What you have to do
Among the records that follow, find the line with "Lebanon Fingerprint Flag T-Shirt" and the line with "Pura Premium Eco". Set down those lines and all lines between them exactly, without adding anything.

Entries shown
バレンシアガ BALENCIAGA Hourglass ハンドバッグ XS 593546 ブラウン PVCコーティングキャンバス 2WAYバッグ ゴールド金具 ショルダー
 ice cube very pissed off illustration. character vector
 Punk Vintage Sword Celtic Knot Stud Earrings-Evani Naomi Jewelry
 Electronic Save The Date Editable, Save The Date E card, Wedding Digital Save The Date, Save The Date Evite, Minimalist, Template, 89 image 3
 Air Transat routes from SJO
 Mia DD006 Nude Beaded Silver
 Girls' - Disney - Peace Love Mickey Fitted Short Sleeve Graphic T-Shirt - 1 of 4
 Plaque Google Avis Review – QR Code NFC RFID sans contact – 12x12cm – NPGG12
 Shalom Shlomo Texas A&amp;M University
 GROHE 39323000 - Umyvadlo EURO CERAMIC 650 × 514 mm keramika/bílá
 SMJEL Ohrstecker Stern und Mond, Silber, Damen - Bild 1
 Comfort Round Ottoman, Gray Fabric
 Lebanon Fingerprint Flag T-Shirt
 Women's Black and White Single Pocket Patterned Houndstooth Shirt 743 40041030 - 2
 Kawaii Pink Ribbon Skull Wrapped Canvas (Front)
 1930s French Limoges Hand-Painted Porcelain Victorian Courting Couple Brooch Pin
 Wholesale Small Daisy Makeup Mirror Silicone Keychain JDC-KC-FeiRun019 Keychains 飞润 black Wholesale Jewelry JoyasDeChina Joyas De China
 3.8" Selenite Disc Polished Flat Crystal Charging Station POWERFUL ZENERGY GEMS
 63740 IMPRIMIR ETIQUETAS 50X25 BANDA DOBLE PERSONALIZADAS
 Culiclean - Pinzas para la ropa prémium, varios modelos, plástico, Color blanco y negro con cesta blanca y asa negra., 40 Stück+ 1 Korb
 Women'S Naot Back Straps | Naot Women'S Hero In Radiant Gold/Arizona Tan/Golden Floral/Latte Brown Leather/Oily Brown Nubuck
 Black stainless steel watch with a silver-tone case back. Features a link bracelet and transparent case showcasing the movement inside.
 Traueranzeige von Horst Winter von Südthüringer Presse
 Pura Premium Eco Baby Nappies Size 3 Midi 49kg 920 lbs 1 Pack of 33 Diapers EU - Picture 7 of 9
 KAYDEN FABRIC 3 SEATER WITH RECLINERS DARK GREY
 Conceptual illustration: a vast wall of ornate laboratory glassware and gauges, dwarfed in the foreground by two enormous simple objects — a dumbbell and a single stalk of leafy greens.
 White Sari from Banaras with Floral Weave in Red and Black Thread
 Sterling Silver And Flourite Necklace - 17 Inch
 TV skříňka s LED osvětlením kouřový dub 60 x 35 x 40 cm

Task response
 Lebanon Fingerprint Flag T-Shirt
 Women's Black and White Single Pocket Patterned Houndstooth Shirt 743 40041030 - 2
 Kawaii Pink Ribbon Skull Wrapped Canvas (Front)
 1930s French Limoges Hand-Painted Porcelain Victorian Courting Couple Brooch Pin
 Wholesale Small Daisy Makeup Mirror Silicone Keychain JDC-KC-FeiRun019 Keychains 飞润 black Wholesale Jewelry JoyasDeChina Joyas De China
 3.8" Selenite Disc Polished Flat Crystal Charging Station POWERFUL ZENERGY GEMS
 63740 IMPRIMIR ETIQUETAS 50X25 BANDA DOBLE PERSONALIZADAS
 Culiclean - Pinzas para la ropa prémium, varios modelos, plástico, Color blanco y negro con cesta blanca y asa negra., 40 Stück+ 1 Korb
 Women'S Naot Back Straps | Naot Women'S Hero In Radiant Gold/Arizona Tan/Golden Floral/Latte Brown Leather/Oily Brown Nubuck
 Black stainless steel watch with a silver-tone case back. Features a link bracelet and transparent case showcasing the movement inside.
 Traueranzeige von Horst Winter von Südthüringer Presse
 Pura Premium Eco Baby Nappies Size 3 Midi 49kg 920 lbs 1 Pack of 33 Diapers EU - Picture 7 of 9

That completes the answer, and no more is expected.